很快,我进入学龄,就在村西的小学里。在我的记忆里,就是那么残破不堪的几间教室。窗户上钉着塑料布,寒风刮过,呼啦啦的响。教室里架着一排排木板,十几个衣衫褴褛的孩子,摇头晃脑地读着:“文化大革命就是好……”。每天,上午读书,下午参加劳动,再者就是跟着大人们参加批斗会、满大街疯跑、手里摇着各式各样写着标语的小旗子……
后来,也许是太贪玩,或者是老生病的缘故,父亲就把我带到城里来了。这是一所厂办子弟学校。一排排新建的校舍,红砖红瓦,绿窗红门,十分气派。与老家的学校相比可谓天壤之别。从学校往东百二十步就是我们住的家属院。这是一个挺大的院落,住着职工和教师。这个家属院非常有趣,每一栋房舍之间都有防空洞入口,或通气口。由于常年闲置,每个洞口都用乒乓球台封死了。只有临港(我的同学)家门前的入口是敞开的。地道沿着台阶斜斜的伸下去,直到黝黑的深处。为了防雨,上面加盖了一所砖砌的小房子。这让我们十分好奇,有一次我们几个顺着绵长的台阶走下去,直到幽暗的深处。正要往前走,谁的脚给绊了一下,就惊慌地大喊着:“蛇……”于是,大家就没命似的跑了上来。
然而,我们并没死心,随后又拿了手电灯再次走进去,还是在那里,这次我们真的看清楚了,上次吓着我们的是一盘粗麻绳,软软地腐朽在那里。我狠劲的对着麻绳踢了两脚,继续往前走,没走多远,一扇铁门挡住了去路,上面挂着多年积锈的大锁。看看左右再无通道,我们只好悻悻的走出来。
这个院里,很多人家都在门前开着小菜园,种着四季的鲜果、蔬菜。水灵灵的黄瓜、红彤彤的番茄。长长的丝瓜结满瓜架,紫色的葡萄结着白霜……我多想也有个自己的菜园啊!于是,就在门口靠东院墙的地方,开了一片菜地,种着我喜爱的向日葵、梅豆和丝瓜。
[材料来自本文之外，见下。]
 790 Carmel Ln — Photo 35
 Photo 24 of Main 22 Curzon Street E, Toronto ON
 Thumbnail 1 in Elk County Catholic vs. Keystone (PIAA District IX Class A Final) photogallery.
很快,丝瓜和梅豆秧就郁郁葱葱的长起来,顺着斜倚的树枝爬到了墙上,然后再爬到墙外斜倚过来的柳树上。每天放学回家,我就在这菜地里除草、浇水。看那白色的梅豆花,一簇一簇的开着,青绿色的丝瓜长长的垂下来、别提心里多高兴。至于向日葵,由于种在墙角,日光不好,长得很孱弱,细细的颈上只结了碗口大的盘。尽管如此,我依然十分高兴。另外,我还在房后种了一大片蓖麻,由于水源充足,长势特别喜人,那年秋天,我爬在葱茏的蓖麻枝上,摘了几十斤蓖麻子,终于因为无人收购,最后还是倒掉了。
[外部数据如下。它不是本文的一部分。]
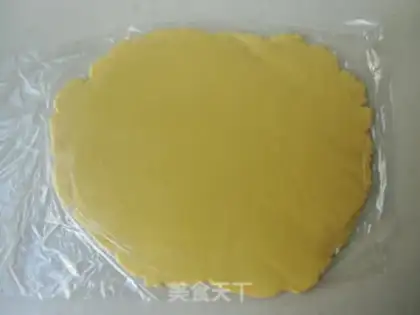 Make Christmas cookies step 3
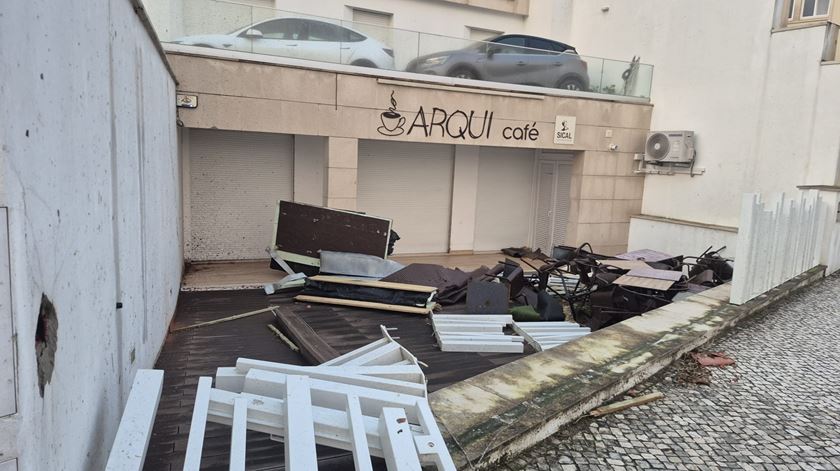 Depressão Kristin deixa rasto de destruição em Leiria. Foto cedida à Renascença por Virgínia Simões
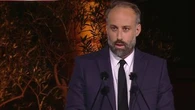 "Merci de nous aimer depuis 10 ans" : revoyez le touchant discours d'Arthur Dénouveaux, rescapé du 13-Novembre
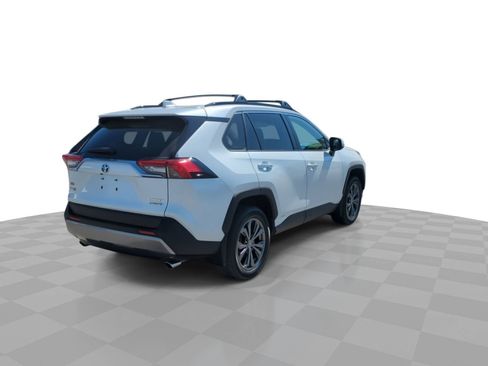 Used 2022 Toyota RAV4 Limited AWD/4WD image 8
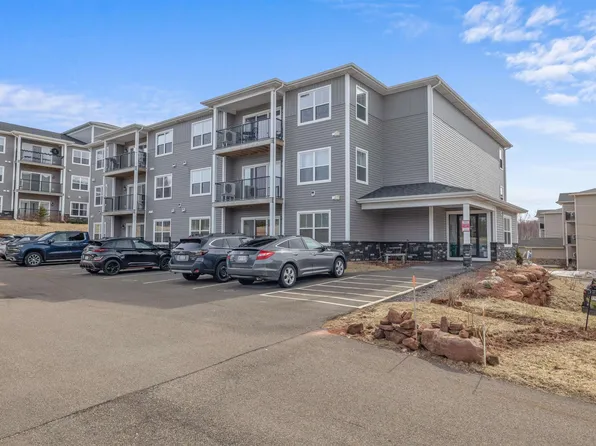 210 Shakespeare Dr Unit 309, Stratford, PE C1B 4B7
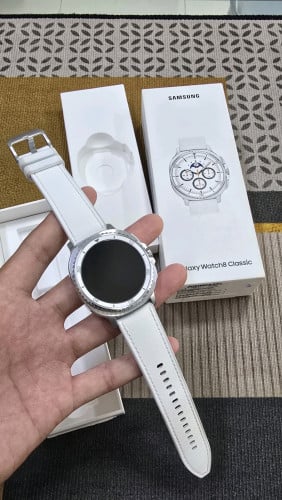 Galaxy watch 8 Classic 46mm white 99% 249$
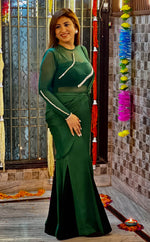 Load image into Gallery viewer, Radiating Charm in Bottle Green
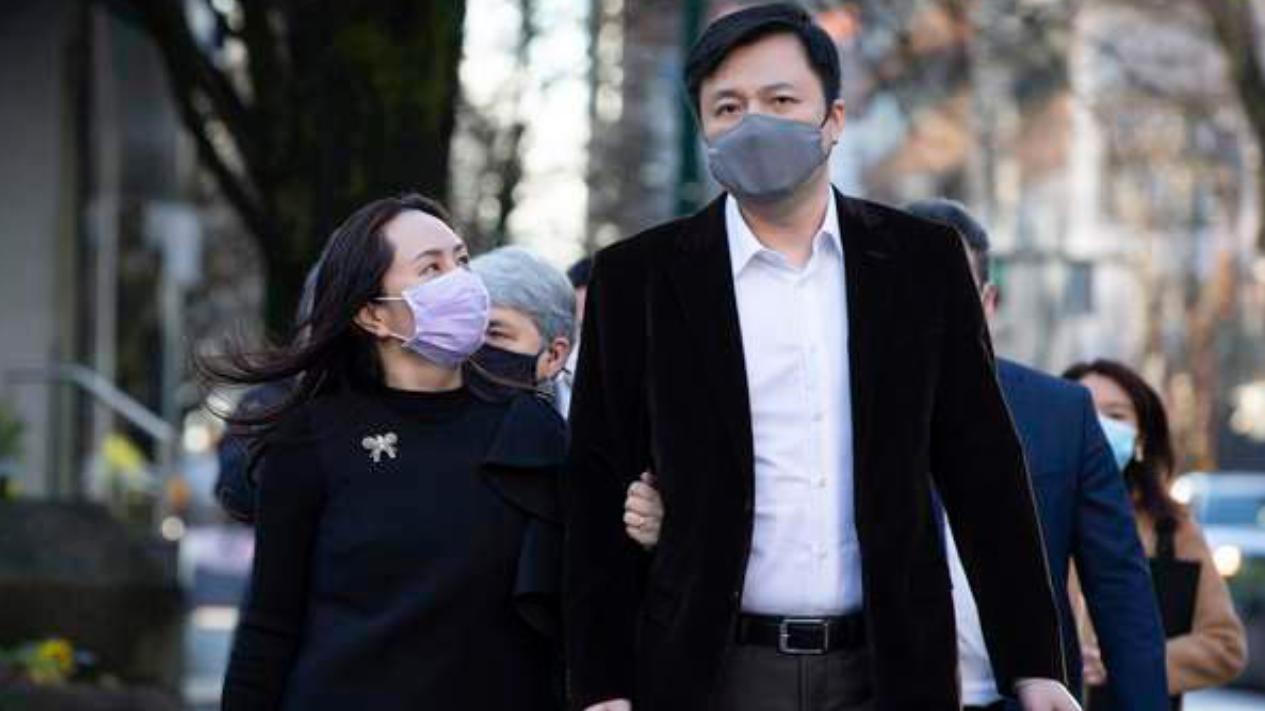 孟晚舟|孟晚舟老公与前妻同框，儿子全身疑超20万不输男星，女方肤白貌美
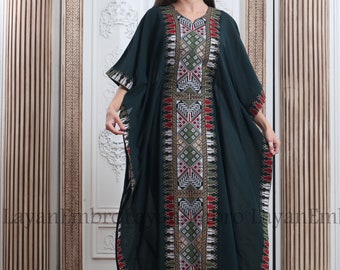 Embroidered Dress - Thawb - Abaya - Kaftan. مطرزات شرقية عربية - ثوب فلسطيني - أثواب فلسطينية - ثوب عربي - تطريز فلسطيني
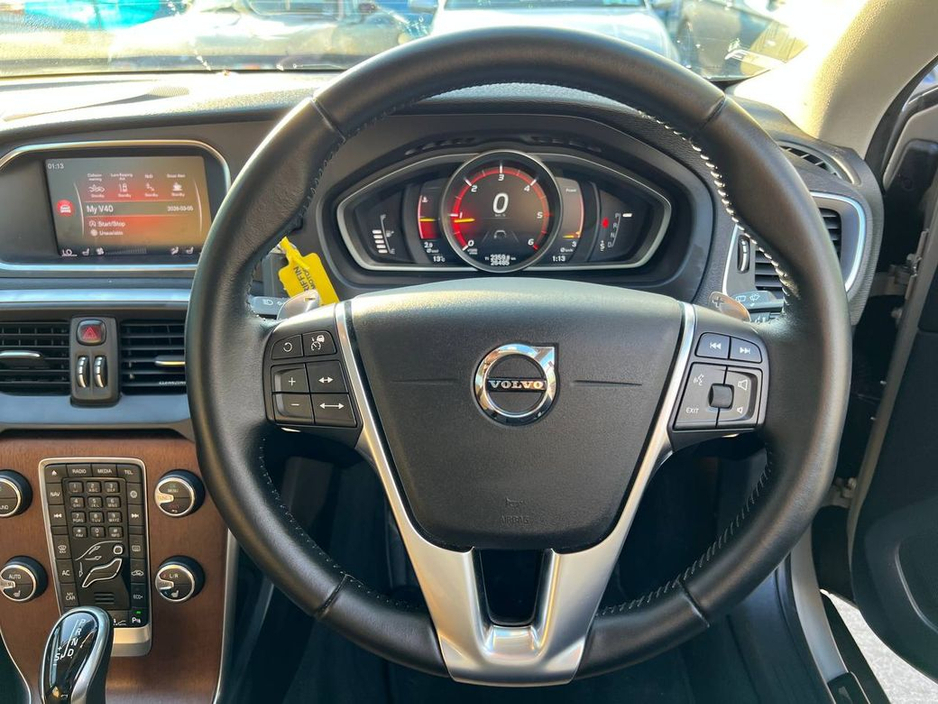 2019 Volvo V40 - image 5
总之,那一段的生活既艰辛又快乐。我上学,爸爸上班,(因为爸爸经常加班还要回家干农活)我们很少在一起。终于有一年冬天,差点让我吃上大苦头。
那时的宿舍都没有洗手间,解手要跑到外边的公厕里。还好公厕离我的门口很近,只有十几步。九岁那年冬天,爸爸上夜班,宿舍里只我一个人,半夜内急,就简单的披了衣服,佝偻着身子跑出来,那天寒风呼啸,飘着雪花,我刚跑出门外,一阵狂风刮过,门咣当一声就锁上了。可怜我赤裸着身子,只披了一件单衣……小解回来,我在寒风中瑟缩着。无奈,抬头看看门上的亮窗,还好,没有防盗网,我顺手捡起一块砖头,咣当一声,砸碎了玻璃,然后,麻利地爬上去,用手拨开了里面的插肖,推开亮窗,来个倒挂金钩,头朝下就爬进屋里去了……
那段生活虽然艰苦,但,更多的是快乐。